Sybil expects her world to go on as it always has. A mother, grandmother, wife, divorcée, distinguished lawyer, she has lived a full life. But when letters from someone in her past force her to examine one of the most painful periods of her life, she realizes the letter she has been writing over the years needs to be read and that she cannot move forward until she finds it in her heart to offer forgiveness.

Two Seconds Too Late (Jeopardy Falls #2)
In the stark but beautiful wilds of northern New Mexico, a luxury spa and couple's retreat turns into a chilling nightmare when a woman vanishes without a trace, just hours after a public fight with her boyfriend. Worried something sinister has happened, her friends reach out to investigator Riley MacLeod, an expert skip tracer, for help. The assignment means going undercover at the retreat, which means pairing up with private investigator Greyson Chadwick. Their partnership ignites a tumultuous mix of attraction and distrust as Riley's unorthodox methods clash with Greyson's meticulous approach.
As they delve deeper into the case and a ruthless hitman is unleashed upon them, Riley and Greyson find themselves fighting not only for justice but for their very survival. Staying one step ahead of danger, the pair discovers a hidden truth that rocks them to the core. In their race against the clock, they can only hope that they're not too late.
With her signature pulse-pounding twists, Dani Pettrey weaves a gripping tale of love and survival in the face of unimaginable danger.

Notes from a Regicide
Notes from a Regicide is a heartbreaking story of trans self-discovery with a rich relatability and a science-fictional twist from award-winning author Isaac Fellman.
When your parents die, you find out who they really were.
Griffon Keming’s second parents saved him from his abusive family.

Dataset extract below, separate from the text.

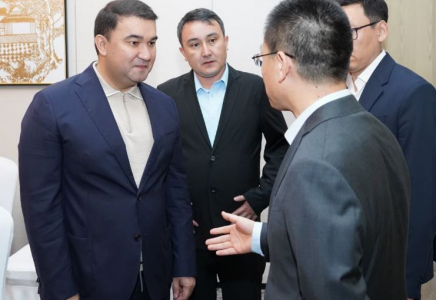 Нұралхан Көшеров Қытайда халықаралық бизнес өкілдерімен келіссөздер жүргізді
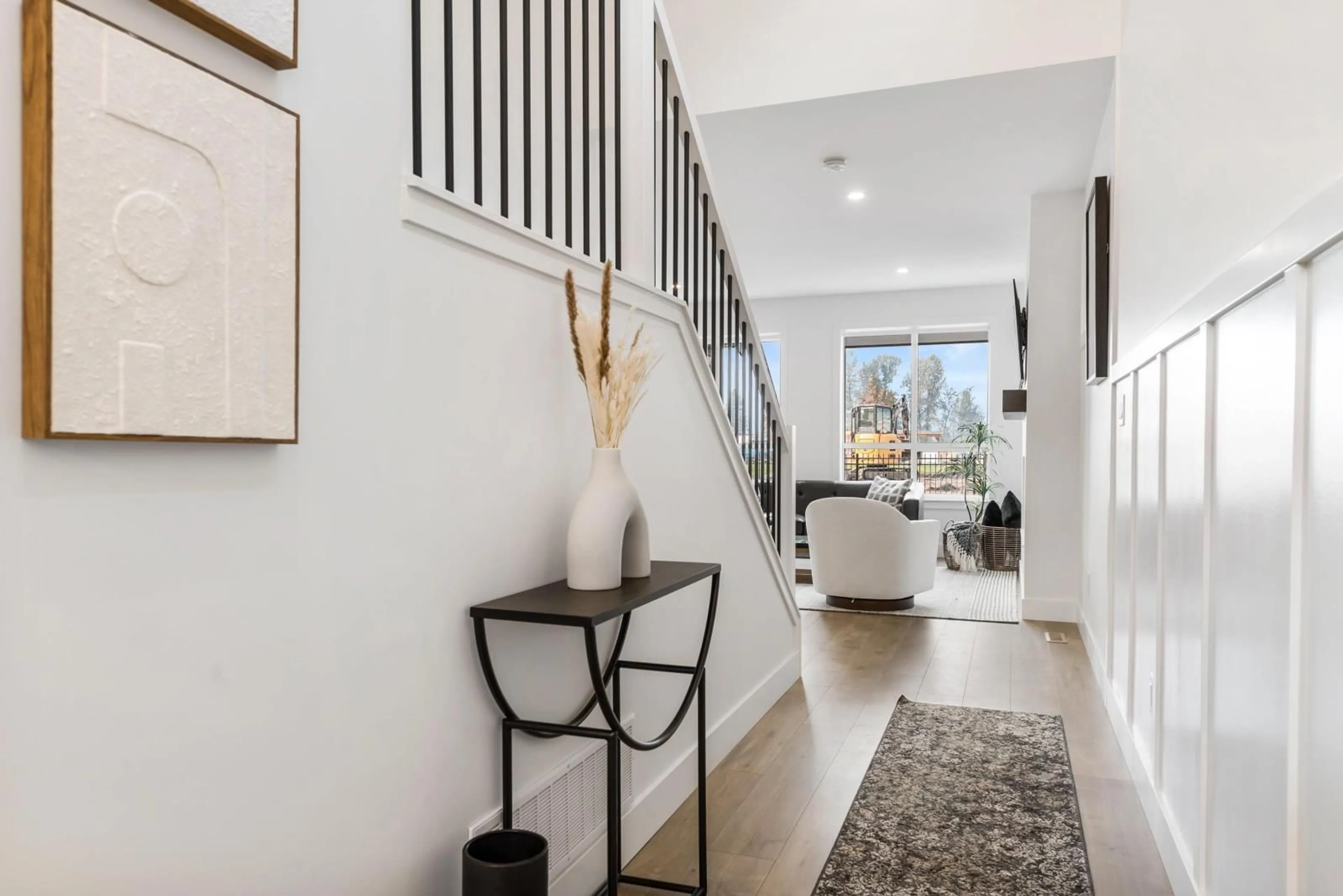 Indoor entryway, wood floors for 44660 WILLOWSTREAM ROAD, Chilliwack British Columbia V2R0B9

They taught him how to be trans, paid for his transition, and tried to love him as best they could. But Griffon’s new parents had troubles of their own – both were deeply scarred by the lives they lived before Griffon, the struggles they faced to become themselves, and the failed revolution that drove them from their homeland. When they died, they left an unfillable hole in his heart.
Griffon’s best clue to his parents’ lives is in his father’s journal, written from a jail cell while he awaited execution. Stained with blood, grief, and tears, these pages struggle to contain the love story of two artists on fire. With the journal in hand, Griffon hopes to pin down his relationship to these wonderful and strange people for whom time always seemed to be running out.
In Notes from a Regicide, a trans family saga set in a far-off, familiar future, Isaac Fellman goes beyond the concept of found family to examine how deeply we can be healed and hurt by those we choose to love.